According to Pacific Bridge, who regularly puts out an Asian HR newsletter, multinational companies in India are starting to rethink their offshore plans. In fact, according to one recent article, the cost of an employee in India is starting to cost anywhere from $45-60k per year - in US dollars!
With the cost of living and business on the rise everywhere, it's certainly no surprise to see that India is no longer the worldwide capital of cheap labor (China probably wears that mantle now, one day to be followed by Africa).
However, moving forward, what is the best response? Should these companies (Hello, Dell), continue to maintain established Asian operations or bring the jobs back home? The article focuses on skilled labor, but what is the new cost of unskilled labor, such as call centers?
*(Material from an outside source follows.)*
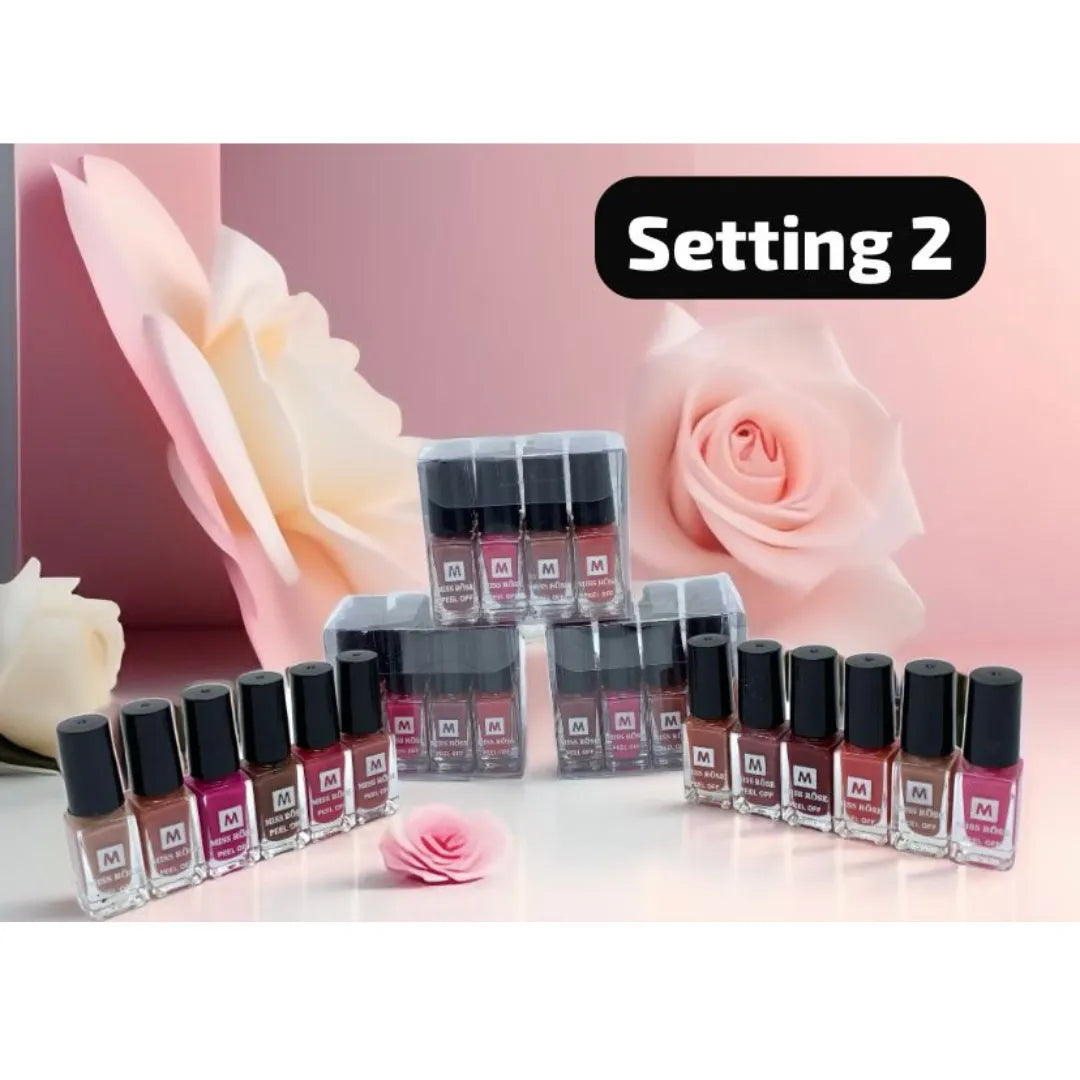 Miss Rose Nail Polish Peel Off – 12 Pcs Set Miss Rose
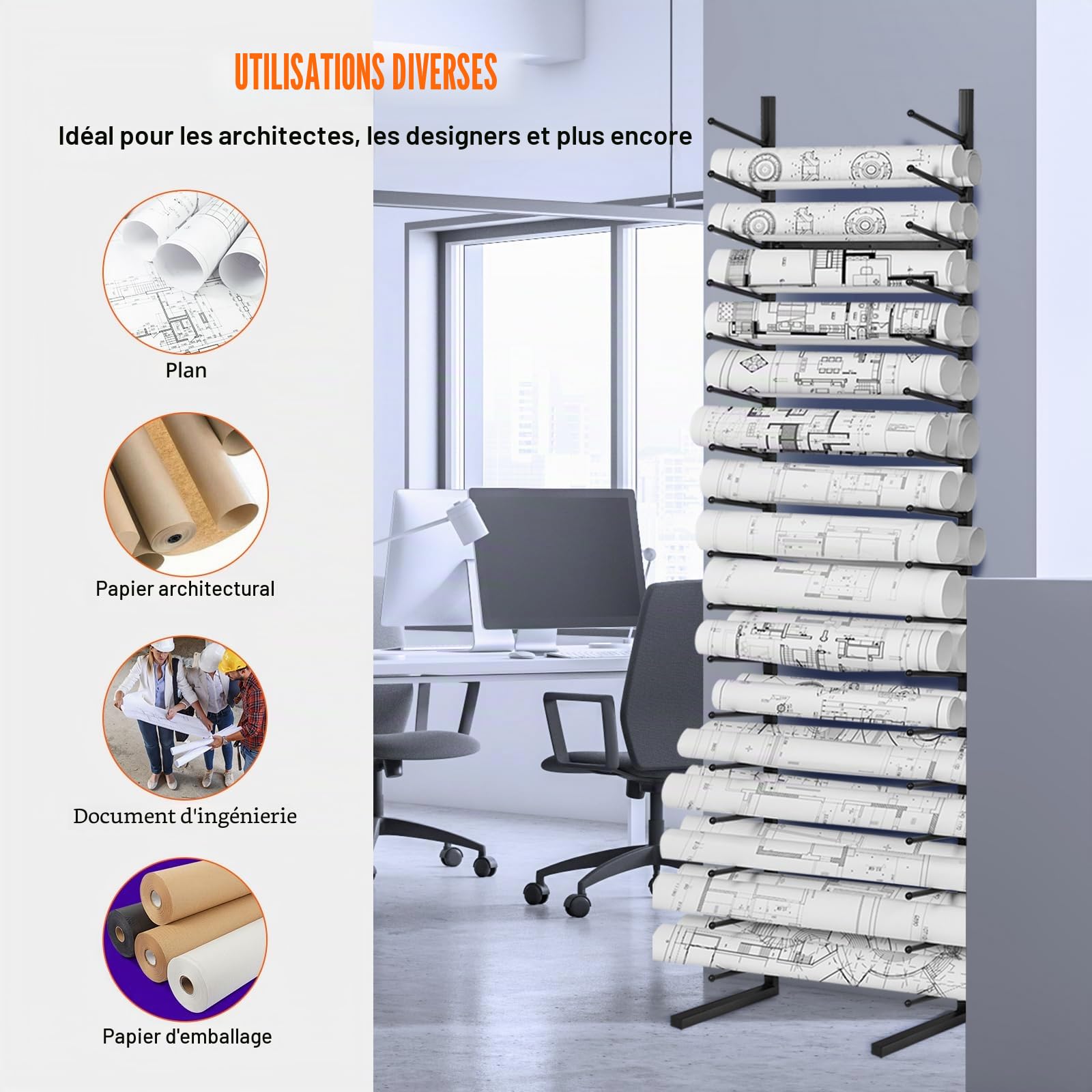 VEVOR Étagère de Rangement pour Plans de Construction Architecturale à 16 Niveaux, Support de Plans Vertical 2 Tiges par Niveau, Meuble de Rangement pour Affiche de Carte, Fichiers en Rouleau, Bureau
Do these jobs incur the same 12% rate rise as the technology sector?
When we focus on the cost of offshoring or the new reality based on rising costs, I think it's essential that we look at the big picture and not just the attempted justification for hiring skilled labor there. $60k is a pretty good salary in most places in the United States; especially since this number included training and travel (most likely to the United States).
Despite the rise in costs, I can't imagine any of these companies pulling out – especially to return to the US. That would be a lot of crow to eat, as well as counterproductive – after all, the goal was always to lower costs, not raise or equal them.
So the next direction may be even further east – while the likely response would be for Indian companies to offer some sort of incentives for companies to remain.
No matter how you slice it, it seems to be an assured victory for both business and government, but the displaced workers across the US and Europe seems to be on the losing end of the stick of that deal.